Article Details
Pepper Leaf Disease Detection Using Stockwell Transform-Based Feature Extraction and AdaBN-DenseNet Classifier
Author(s)
Aparna.V, P. Kavitha
Abstract
Agricultural production plays a vital role in a country’s economy, and leaf diseases are a common and natural occurrence. Early and accurate identification of these diseases is essential to prevent significant losses in crop yield and ensure sustainable agricultural output. This paper presents an efficient and intelligent framework for Pepper Leaf Disease (PLD) detection by integrating advanced image processing, segmentation, feature extraction, and classification techniques. The Black Pepper Leaf Blight and Yellow Mottle Virus dataset is applied to preprocessing stage using a Spatially Adaptive Difference of Gaussians (SADoG) filter, which enhances disease-affected regions by preserving essential edge information while effectively suppressing background noise. To accurately localize infected areas, a Noise-Resilient Fuzzy C-Means (NR-FCM) clustering algorithm is employed for segmentation. This method leverages fuzzy membership and spatial context to robustly handle noise and variation in leaf textures. Feature extraction is then carried out using the Stockwell Transform (S-Transform), which provides a rich time-frequency representation capable of capturing both global and localized disease patterns in pepper leaf images.
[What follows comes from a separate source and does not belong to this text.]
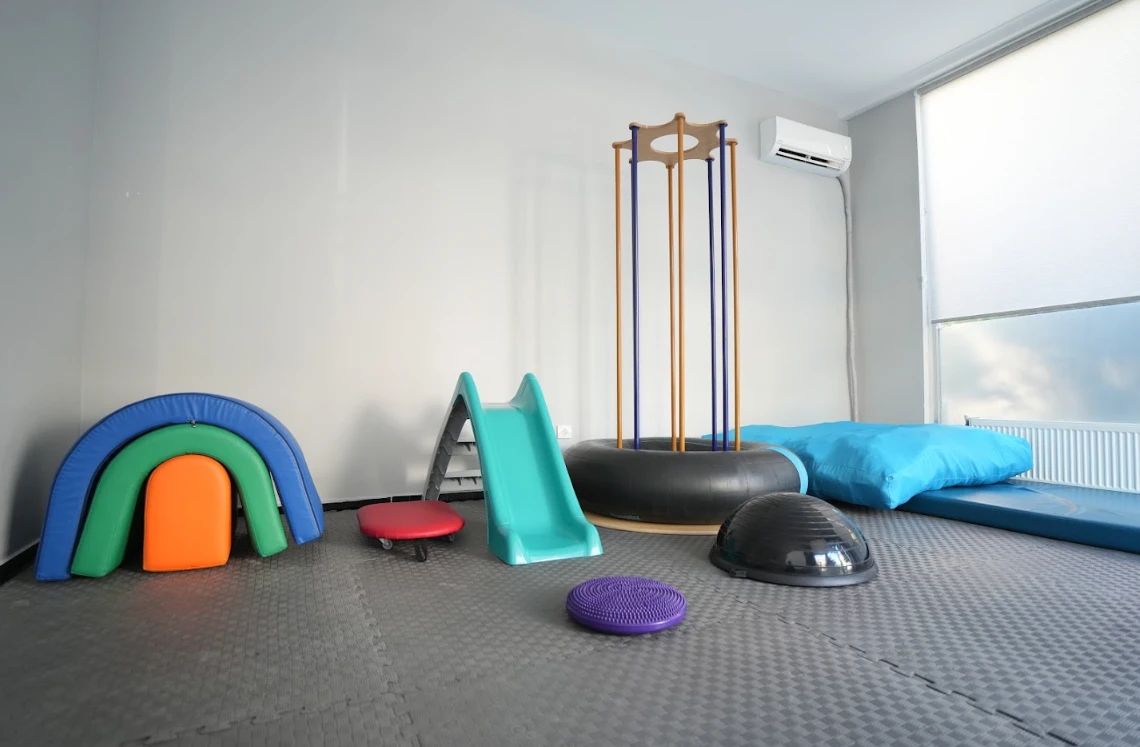 Hareket ve denge salonu: gökkuşağı tünel, kaydırak, tırmanma kulesi, denge diski ve yarım küre ile kaba motor ve denge çalışmaları için düzenlenmiş salon. Liya Çorlu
Finally, the extracted features are fed into a Dense Convolutional Neural Network enhanced with Adaptive Batch Normalization (AdaBN-DenseNet) classifier. This classifier dynamically adjusts to variations in input data distributions, enabling precise and robust disease classification. Using Python software, the proposed framework achieved higher accuracy, F1-score and recall of 92%, precision of 93% is accomplished when compared to other techniques. Experimental results demonstrate that the proposed system achieves high accuracy and resilience in detecting various PLD, making it suitable for real-time agricultural diagnostics and smart farming applications.